Presidente, in una delle sue prime dichiarazioni Lei ha sostenuto che avrebbe portato avanti una visione per cui la tecnologia è governata dall’uomo e non viceversa. In pratica come sta lavorando l’Autorità che Lei presiede al fine di incentivare questo valore nella tutela della privacy?
L’intero Gdpr può essere letto come il tentativo di porre la tecnica al servizio dell’uomo, parafrasando ciò che il Considerando 4 annuncia, con valenza simbolica e programmatica rilevante. A ogni provvedimento del Garante è sottesa questa finalità: garantire un governo antropocentrico della tecnica, nel solco della vocazione personalista propria della nostra Costituzione.

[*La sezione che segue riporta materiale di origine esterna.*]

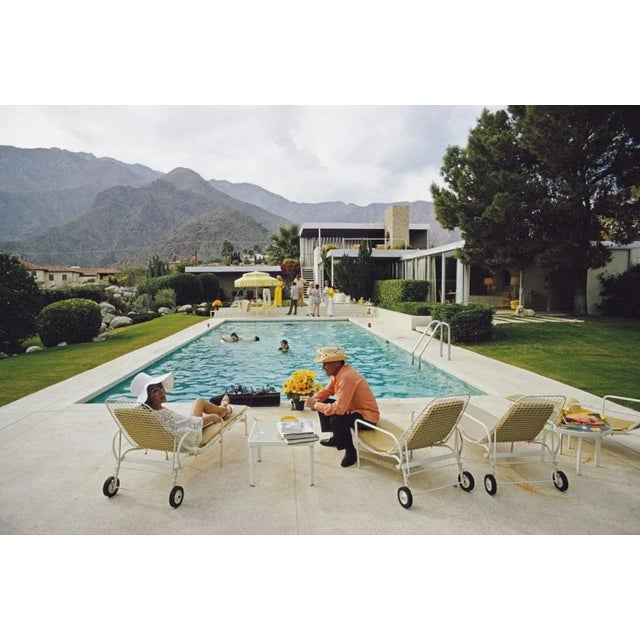Slim aarons estate limited edition c print 40 x 30'' inches unframed. ' kaufmann desert house ' lita baron talking with a...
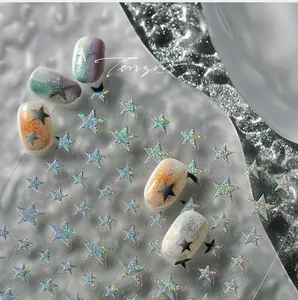 Macro shot of laser star nail art stickers with holographic finish and colored tips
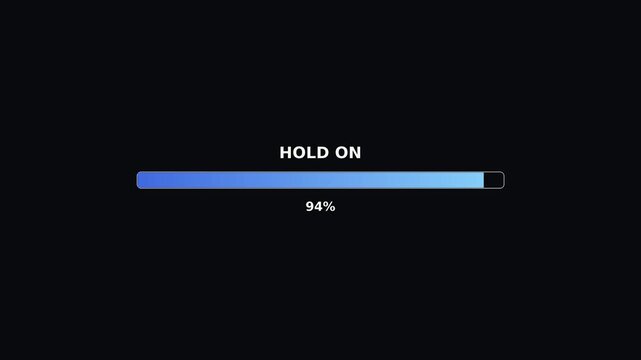 A progress bar animation is displayed on a black background. The text hold on appears above the bar which fills up completely to show 100 percent progress. The visual suggests a completed task.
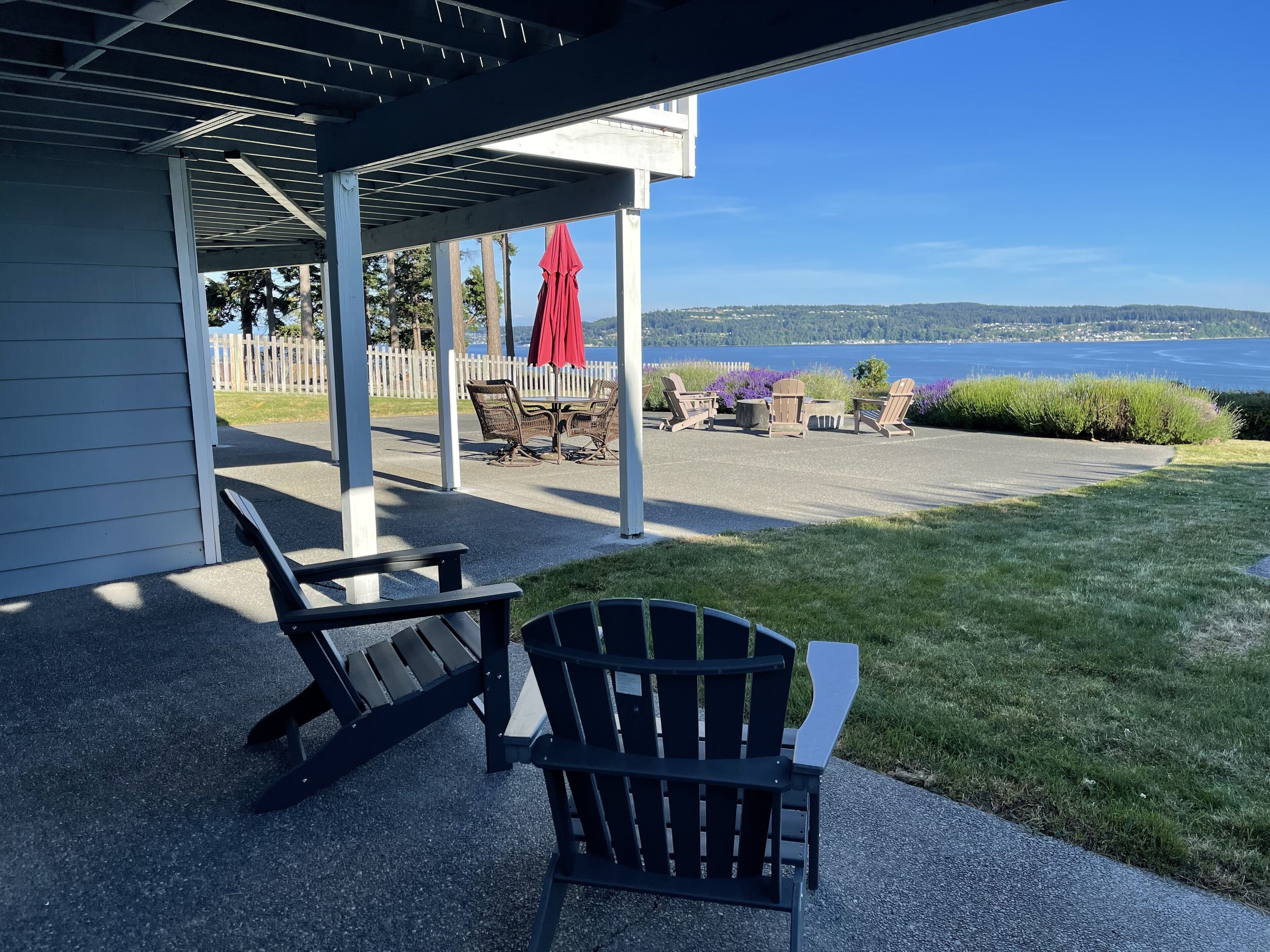 A covered patio with outdoor furniture, a view of the sea, and a white fence.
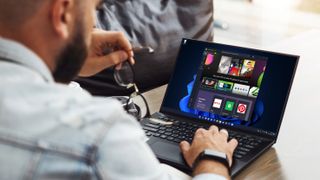 Windows 11'in Microsoft Store uygulaması açıkken dizüstü bilgisayar kullanan bir adamın arkadan görünümü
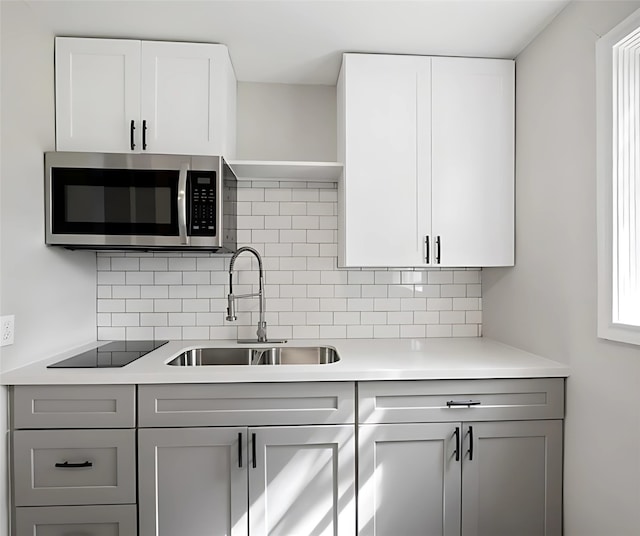 kitchen featuring black electric stovetop, backsplash, white cabinets, and sink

Rispetto alla monetizzazione dei dati collegata alla remunerazione del consenso al trattamento, quali saranno secondo lei le sfide più importanti per i prossimi anni?
La diffusione dello schema negoziale servizi-contro dati non deve indurci a sottovalutare i rischi, individuali e sociali, propri del fenomeno, strettamente connesso, della monetizzazione del consenso. In gioco vi sono, infatti, la libertà individuale – che non può divenire, tramite i dati che la esprimono, oggetto di scambio negoziale- ma anche il tipo di società che vogliamo, in cui la privacy non può essere un privilegio negato a quanti – il sottoproletariato figlio del capitalismo della sorveglianza – siano disposti a cedere, per necessità, quei frammenti preziosissimi di sé che sono i propri dati.
La questione della privacy sui social è sicuramente un tema scottante; come crede si stia evolvendo la situazione su questo versante?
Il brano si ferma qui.